Cavanaugh is excellent on the broader sports world of the 1920s, and is
also strong on Tunney’s rough-and-tumble youth as the son of Irish
immigrants living in Manhattan’s Greenwich Village.
Tunney’s dad was a longshoreman from Mayo who grew up idolizing
John L. Sullivan, the bare-knuckled and blustering heavyweight champion
from Boston. It turns out Tunney’s dad hated violence, but he knew
the value of being a good fighter. In a poor neighborhood populated primarily
by Irish immigrants of limited means, such as the one in which the Tunney
family lived, flexing one’s muscle was, if not a way out, then possibly
a way up.
($27.95 / 471 pages / Random House)
Memoir
Meanwhile, Adam J. Pollack has just completed John L. Sullivan: The Career
of the First Gloved Heavyweight Champion. It traces the transition, which
Sullivan spearheaded, of boxing from smoky halls that showcased often
illegal fights, to the center of the sports world by the early 20th century.

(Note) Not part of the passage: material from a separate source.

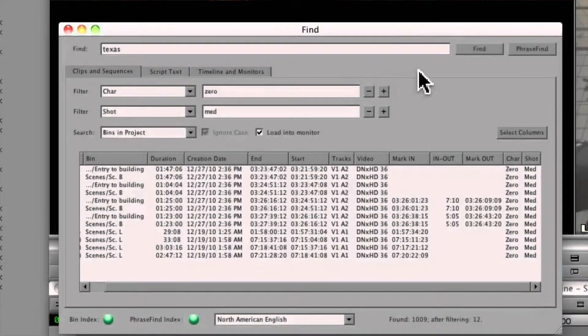She doesn't know what metadata is. This technology can either be used as a standalone searchable database, or it can be integrated into your NLE du jour or asset management system. Many of you may be familiar with PhraseFind, which was a scaled-down version of Dialog Search available as a plug-in to some versions of Avid Media Composer, but let's see where Dialog Search is most beneficial.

Irishmen like Sullivan, Dempsey and Tunney dominated the sport for decades.
($45 / 254 pages / McFarland)
Another
Irish trailblazer was the seventh U.S. president, Andrew Jackson, the
son of Scots-Irish immigrants. Andrew Jackson: His Life and Times by H.W.

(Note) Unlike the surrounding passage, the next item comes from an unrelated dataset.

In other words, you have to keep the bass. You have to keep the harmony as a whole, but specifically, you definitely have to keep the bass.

Brands is one of the first books to take a more sympathetic view of this
president often dismissed as a crude Indian killer. Brands does not emphasize
Jackson’s Irishness, but with another Jackson bio supposedly in
the works by Princeton academic all-star Sean Wilentz, a reassessment
of Jackson seems to be underway. Given the disdain with which the elites
viewed Jackson, a strong argument is waiting to be made about Jackson
as the first Irish immigrant president.
($16.95 / 656 pages / Anchor)
Actress Ellen Burstyn has just written a memoir that explores her Irish
Catholic youth in the Detroit area, where she was born Edna Rae Gillooly.
In Lessons in Becoming Myself, she doesn’t exactly offer a sympathetic
portrait. Her parents were abusive, and Burstyn ultimately argues that
her traumatic youth pushed her to pursue her acting career.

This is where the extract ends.